How can you visit Salt Lake City and not see the Mormon Temple? Once you reach the perimeter you'll be greeted by one of the young missionaries who lurk the grounds and will eagerly volunteer to be your guide.
You will see the church with its famous tabernacle choir organ and then be taken to a multilingual religious audio presentation in a separate foyer. I was given the indoctrination in Mandarin Chinese, Japanese, and Farsi on request.
No, I don't really speak Farsi but it sure impressed the pretty young lass across the foyer when that was the third language I asked for.
Ah, the Mormon Temple; a wonderful place to pick up languages (and chicks!)
Brigham Young may have been the force behind the Church of Latter Day Saints and its prophet but today, its most visible incarnation is the Mormon Tabernacle Choir. This 360 member choir was deemed “America's Choir” by Ronald Regan though personally I would opt for something more in the gospel vein. Named after the Mormon Tabernacle where it has performed since 1873, the oval shaped building is renowned for its acoustics and its massive organ with nearly 12,000 pipes!
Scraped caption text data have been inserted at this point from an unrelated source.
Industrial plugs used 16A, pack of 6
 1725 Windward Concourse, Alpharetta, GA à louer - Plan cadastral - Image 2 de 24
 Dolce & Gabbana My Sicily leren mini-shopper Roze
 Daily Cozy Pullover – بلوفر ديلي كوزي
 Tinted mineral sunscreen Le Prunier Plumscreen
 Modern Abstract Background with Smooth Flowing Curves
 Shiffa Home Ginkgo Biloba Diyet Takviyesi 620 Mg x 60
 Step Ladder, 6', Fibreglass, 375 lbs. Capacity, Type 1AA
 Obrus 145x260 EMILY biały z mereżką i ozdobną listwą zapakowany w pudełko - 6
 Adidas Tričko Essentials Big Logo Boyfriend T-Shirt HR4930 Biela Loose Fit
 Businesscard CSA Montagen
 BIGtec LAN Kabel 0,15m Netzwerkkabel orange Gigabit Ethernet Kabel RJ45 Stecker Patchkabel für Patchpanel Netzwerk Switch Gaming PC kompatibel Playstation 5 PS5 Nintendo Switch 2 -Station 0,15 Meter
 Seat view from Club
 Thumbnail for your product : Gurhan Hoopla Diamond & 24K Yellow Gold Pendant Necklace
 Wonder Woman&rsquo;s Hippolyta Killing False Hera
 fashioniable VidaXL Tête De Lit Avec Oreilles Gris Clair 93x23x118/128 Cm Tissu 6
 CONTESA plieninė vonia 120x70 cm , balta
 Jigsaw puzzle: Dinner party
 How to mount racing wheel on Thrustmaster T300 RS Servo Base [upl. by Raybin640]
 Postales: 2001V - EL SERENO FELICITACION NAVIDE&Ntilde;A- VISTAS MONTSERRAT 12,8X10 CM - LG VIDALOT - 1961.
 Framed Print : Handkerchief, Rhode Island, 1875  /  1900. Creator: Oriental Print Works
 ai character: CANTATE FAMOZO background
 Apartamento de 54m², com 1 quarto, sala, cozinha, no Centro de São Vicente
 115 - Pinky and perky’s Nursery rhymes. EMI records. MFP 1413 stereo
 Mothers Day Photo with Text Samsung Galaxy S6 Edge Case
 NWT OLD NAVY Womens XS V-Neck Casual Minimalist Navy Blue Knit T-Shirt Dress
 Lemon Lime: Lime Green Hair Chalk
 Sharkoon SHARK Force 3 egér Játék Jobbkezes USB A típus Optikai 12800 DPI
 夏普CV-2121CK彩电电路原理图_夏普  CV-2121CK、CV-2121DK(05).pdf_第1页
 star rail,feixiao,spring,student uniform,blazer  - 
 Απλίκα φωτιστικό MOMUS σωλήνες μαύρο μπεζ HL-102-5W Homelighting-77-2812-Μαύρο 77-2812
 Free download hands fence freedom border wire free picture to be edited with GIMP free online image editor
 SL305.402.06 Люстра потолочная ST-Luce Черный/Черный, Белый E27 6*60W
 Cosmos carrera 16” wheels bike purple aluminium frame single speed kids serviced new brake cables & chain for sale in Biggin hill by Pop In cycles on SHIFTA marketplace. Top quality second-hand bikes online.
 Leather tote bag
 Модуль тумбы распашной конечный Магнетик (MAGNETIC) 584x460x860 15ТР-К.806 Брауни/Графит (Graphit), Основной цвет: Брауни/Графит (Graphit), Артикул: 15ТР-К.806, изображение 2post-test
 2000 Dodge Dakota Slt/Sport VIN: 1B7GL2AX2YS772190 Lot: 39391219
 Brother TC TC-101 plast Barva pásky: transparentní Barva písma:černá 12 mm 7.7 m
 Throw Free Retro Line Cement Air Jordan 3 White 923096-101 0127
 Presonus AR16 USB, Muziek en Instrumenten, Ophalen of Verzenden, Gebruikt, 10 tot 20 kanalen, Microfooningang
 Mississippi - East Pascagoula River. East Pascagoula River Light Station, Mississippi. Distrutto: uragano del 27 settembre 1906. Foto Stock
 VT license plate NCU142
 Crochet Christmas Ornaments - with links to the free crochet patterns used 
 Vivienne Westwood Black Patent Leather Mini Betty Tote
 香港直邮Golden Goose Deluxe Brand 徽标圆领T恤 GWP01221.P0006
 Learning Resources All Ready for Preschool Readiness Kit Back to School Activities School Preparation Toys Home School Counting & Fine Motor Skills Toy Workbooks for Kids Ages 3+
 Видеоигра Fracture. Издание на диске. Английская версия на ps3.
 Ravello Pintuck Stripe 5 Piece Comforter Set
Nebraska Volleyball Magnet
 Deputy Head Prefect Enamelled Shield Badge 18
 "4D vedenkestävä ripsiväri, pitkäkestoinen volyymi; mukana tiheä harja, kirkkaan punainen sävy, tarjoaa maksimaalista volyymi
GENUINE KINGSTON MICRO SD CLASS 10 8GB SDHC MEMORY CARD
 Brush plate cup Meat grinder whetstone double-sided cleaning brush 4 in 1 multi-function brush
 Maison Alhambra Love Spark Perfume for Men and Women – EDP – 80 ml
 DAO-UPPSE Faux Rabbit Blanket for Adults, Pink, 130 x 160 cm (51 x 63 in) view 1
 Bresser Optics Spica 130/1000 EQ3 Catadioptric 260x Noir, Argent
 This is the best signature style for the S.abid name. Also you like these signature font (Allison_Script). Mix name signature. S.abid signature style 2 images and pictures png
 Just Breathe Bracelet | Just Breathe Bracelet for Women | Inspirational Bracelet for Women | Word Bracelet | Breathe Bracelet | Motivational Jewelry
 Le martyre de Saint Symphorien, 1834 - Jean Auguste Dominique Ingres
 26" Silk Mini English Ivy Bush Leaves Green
This was the only time we felt a bit uncomfortable in the Temple Square area. We just wanted to walk around and check it out but everywhere we went it seemed one of the Stepford Wive-devotees running the tours ever so helpfully tried to get us to join one. It would have been nice to hear the choir practice and we could have if we returned in the evening but after a fun evening in Squatters Pub Brewery, Motel 6 was calling more loudly.
Salt Lake City revolves around the Mormon Tabernacle Temple. That is how the roads are determined leading to it. It is a spectacular building. It was my hope to see the Tabernacle Choir perform but skiing was more important. We did go visit the temple and took some photos. The Christmas display was still up.
Mormon Tabernacle Choir has a unique, recognizable, powerful sound. Perhaps that is why the choir is an attraction wherever it performs and draws diverse crowds of visitors from all over the world. Indeed, it is popularly known as "America's Choir," a worthy title earned by more than a century and a half of singing the sacred hymns of The Church of Jesus Christ of Latter-day Saints and the great choral works of the masters to the enjoyable of all kinds of audiences.